No nos es útil apelar a un nacionalismo hoy día por dos razones. Primero, reconocemos que si se revisa
históricamente el legado del estado-nación es factible que se encuentre un legado de opresión de las
mayorías sobre las minorías: una suerte de imperialismo al interior de las fronteras del Estado. Por otra
parte, el reconocimiento de la creciente diversidad al interior de los estados socava su capacidad para
seguir jugando el papel que cumplió en los siglos XIX y XX.

En condiciones de pluralismo, por lo tanto, la cultura de la mayoría, la del nacionalismo incipiente, no


puede servir como fundamento de una identidad compartida.
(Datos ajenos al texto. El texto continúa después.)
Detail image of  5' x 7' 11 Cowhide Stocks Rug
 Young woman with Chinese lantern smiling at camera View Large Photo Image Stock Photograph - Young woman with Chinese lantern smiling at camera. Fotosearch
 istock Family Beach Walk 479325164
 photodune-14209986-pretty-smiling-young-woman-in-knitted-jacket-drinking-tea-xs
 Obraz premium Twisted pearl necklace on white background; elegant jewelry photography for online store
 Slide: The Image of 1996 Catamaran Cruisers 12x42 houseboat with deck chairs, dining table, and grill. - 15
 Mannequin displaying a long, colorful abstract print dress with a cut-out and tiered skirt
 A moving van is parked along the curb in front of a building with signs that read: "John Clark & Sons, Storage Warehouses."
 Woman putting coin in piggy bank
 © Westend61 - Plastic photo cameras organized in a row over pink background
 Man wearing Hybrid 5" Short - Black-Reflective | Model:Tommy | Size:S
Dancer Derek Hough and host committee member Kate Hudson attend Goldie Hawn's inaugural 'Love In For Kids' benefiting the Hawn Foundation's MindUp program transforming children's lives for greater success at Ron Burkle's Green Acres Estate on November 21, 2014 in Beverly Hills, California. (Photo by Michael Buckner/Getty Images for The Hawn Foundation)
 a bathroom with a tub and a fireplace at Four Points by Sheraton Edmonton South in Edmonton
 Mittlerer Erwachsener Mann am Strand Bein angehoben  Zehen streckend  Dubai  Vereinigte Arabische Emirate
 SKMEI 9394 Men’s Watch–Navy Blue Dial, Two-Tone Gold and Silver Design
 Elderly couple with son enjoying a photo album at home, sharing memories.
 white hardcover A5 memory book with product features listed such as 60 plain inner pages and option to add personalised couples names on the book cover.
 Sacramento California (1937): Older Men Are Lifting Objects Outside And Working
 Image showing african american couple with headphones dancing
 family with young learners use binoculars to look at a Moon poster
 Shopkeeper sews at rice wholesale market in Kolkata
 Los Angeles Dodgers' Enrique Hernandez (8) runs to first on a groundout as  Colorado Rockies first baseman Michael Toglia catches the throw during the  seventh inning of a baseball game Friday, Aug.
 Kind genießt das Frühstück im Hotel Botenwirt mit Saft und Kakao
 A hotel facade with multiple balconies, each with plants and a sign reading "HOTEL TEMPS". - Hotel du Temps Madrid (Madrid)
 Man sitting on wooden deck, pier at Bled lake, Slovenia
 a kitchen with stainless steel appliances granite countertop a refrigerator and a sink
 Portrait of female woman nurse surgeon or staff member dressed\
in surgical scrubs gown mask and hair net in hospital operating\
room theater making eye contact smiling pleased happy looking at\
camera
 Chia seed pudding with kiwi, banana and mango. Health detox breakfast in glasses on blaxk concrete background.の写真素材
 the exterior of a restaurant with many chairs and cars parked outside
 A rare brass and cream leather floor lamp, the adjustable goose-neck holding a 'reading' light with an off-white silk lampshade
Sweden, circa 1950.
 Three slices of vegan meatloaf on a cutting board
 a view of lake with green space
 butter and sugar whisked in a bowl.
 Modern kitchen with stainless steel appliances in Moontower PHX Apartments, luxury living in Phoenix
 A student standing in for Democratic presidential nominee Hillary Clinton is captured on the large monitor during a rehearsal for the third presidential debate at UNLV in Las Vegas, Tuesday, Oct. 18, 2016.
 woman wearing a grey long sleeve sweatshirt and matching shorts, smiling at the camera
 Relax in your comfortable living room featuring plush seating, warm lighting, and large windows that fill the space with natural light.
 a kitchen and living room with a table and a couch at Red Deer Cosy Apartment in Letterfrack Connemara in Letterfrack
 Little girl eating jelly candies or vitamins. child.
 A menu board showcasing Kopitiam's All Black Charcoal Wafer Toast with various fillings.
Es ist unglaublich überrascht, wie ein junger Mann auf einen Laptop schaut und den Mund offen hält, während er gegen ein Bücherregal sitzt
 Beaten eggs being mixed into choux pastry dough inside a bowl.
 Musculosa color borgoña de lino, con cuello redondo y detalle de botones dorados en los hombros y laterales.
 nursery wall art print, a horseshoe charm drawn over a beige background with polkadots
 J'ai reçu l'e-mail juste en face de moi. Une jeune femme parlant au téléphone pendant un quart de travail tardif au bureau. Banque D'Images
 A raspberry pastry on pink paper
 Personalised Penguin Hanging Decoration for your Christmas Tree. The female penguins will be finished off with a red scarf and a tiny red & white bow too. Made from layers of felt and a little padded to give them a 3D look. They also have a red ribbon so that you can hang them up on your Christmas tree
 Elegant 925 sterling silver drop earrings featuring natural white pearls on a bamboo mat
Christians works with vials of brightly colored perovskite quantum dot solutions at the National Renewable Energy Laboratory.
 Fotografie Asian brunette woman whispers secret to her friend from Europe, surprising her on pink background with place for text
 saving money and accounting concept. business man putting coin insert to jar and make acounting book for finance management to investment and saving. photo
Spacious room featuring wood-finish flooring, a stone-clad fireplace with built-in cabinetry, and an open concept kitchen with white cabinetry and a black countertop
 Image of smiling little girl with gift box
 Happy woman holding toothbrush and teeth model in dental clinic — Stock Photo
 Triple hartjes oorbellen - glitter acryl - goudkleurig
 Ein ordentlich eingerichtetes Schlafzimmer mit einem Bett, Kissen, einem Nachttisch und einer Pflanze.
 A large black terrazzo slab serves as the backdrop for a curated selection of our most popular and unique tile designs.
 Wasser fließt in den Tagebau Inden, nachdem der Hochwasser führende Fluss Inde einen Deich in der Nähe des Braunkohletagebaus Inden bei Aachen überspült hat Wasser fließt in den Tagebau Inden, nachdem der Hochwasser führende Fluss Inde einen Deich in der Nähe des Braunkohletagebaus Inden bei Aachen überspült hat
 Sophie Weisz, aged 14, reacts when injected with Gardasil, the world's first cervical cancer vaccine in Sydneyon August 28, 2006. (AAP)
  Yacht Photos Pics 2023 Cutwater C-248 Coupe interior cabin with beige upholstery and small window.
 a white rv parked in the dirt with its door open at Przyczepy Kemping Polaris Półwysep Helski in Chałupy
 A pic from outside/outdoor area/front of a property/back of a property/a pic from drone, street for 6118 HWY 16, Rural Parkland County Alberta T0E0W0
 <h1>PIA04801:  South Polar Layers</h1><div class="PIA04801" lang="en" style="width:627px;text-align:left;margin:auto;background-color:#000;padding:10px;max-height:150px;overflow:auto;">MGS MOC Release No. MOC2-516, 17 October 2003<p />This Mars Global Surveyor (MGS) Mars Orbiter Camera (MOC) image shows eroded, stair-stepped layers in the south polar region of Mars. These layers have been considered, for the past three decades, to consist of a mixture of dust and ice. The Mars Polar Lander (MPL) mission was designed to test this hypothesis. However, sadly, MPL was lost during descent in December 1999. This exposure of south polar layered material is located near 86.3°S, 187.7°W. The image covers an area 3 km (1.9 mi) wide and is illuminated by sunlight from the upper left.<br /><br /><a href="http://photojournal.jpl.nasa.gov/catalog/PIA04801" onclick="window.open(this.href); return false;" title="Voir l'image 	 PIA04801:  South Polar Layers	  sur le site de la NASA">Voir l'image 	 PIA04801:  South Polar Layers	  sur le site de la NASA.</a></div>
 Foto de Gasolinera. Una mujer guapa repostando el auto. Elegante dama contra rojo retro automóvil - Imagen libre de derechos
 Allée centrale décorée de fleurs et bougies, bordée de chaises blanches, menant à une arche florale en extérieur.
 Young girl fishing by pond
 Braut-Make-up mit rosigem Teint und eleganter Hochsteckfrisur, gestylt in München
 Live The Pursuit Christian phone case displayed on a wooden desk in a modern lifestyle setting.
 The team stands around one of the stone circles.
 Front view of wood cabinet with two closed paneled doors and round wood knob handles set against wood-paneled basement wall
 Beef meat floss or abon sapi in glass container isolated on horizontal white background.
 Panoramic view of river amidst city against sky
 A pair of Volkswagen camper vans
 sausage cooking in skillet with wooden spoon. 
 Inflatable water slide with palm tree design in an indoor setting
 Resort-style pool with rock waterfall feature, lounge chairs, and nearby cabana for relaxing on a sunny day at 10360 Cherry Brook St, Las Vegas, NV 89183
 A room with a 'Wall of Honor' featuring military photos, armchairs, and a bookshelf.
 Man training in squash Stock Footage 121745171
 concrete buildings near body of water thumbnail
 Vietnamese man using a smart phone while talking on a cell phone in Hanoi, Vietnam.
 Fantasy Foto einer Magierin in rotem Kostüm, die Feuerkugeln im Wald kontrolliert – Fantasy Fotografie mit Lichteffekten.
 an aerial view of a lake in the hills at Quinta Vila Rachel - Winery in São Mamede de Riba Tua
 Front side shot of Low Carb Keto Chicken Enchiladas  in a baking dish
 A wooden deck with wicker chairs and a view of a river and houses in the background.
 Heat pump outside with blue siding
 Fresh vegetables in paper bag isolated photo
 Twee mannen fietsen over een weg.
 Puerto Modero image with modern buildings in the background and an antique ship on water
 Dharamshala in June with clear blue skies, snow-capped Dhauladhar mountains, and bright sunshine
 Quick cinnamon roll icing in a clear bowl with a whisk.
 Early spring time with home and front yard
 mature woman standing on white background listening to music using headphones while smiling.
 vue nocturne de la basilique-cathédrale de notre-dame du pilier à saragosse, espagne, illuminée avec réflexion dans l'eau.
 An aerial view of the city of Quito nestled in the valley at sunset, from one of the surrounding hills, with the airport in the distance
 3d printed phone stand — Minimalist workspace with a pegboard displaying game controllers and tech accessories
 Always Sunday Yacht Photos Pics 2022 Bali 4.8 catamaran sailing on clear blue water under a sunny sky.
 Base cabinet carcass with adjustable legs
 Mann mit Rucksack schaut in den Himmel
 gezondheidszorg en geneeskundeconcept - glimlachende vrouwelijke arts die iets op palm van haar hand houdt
Hoy se sugiere que la nación como
principio de cohesión debe ser reemplazada por principios universales como los consagrados en los
derechos humanos y el estado de derecho propio de cada régimen, sin que esto implique la imposición
de una cultura de la mayoría sobre las minorías.

El llamado es a que cada comunidad política desarrolle interpretaciones distintivas del significado de
estos principios a través del tiempo, los cuales se encarnan en sus instituciones y prácticas políticas y
legales. Estos a su vez forman una cultura política que cristaliza en torno a la constitución del país y hace
que esos principios configuren un universal concreto. Se tratará de una suerte de constitucionalismo
común que tendrá la función de congregar en torno a reglas comunes en la vida social. Luego, la cultura
política nacionalista, que seguramente ha encarnado los valores políticos de las mayorías, en detrimento
de las minorías, debe cederle el paso a un acuerdo constitucional que reconozca las diferencias
existentes en la comunidad política.

La idea central del argumento es que la práctica política democrática puede proporcionar un estímulo
suficiente para la integración de todos los miembros de una sociedad compleja. La democracia, en
términos procedimentales, podrá entonces asegurar la legitimidad del todo social ante la ausencia de
elementos comunes más sustanciales entre los ciudadanos y así lograr la integración social. En las
sociedades complejas, es la opinión y deliberativa formación de la voluntad de los ciudadanos, basada en
los principios de soberanía popular, que constituye el medio fundamental para una forma de resumen, la
solidaridad legalmente construida que se reproduce a través de la participación política.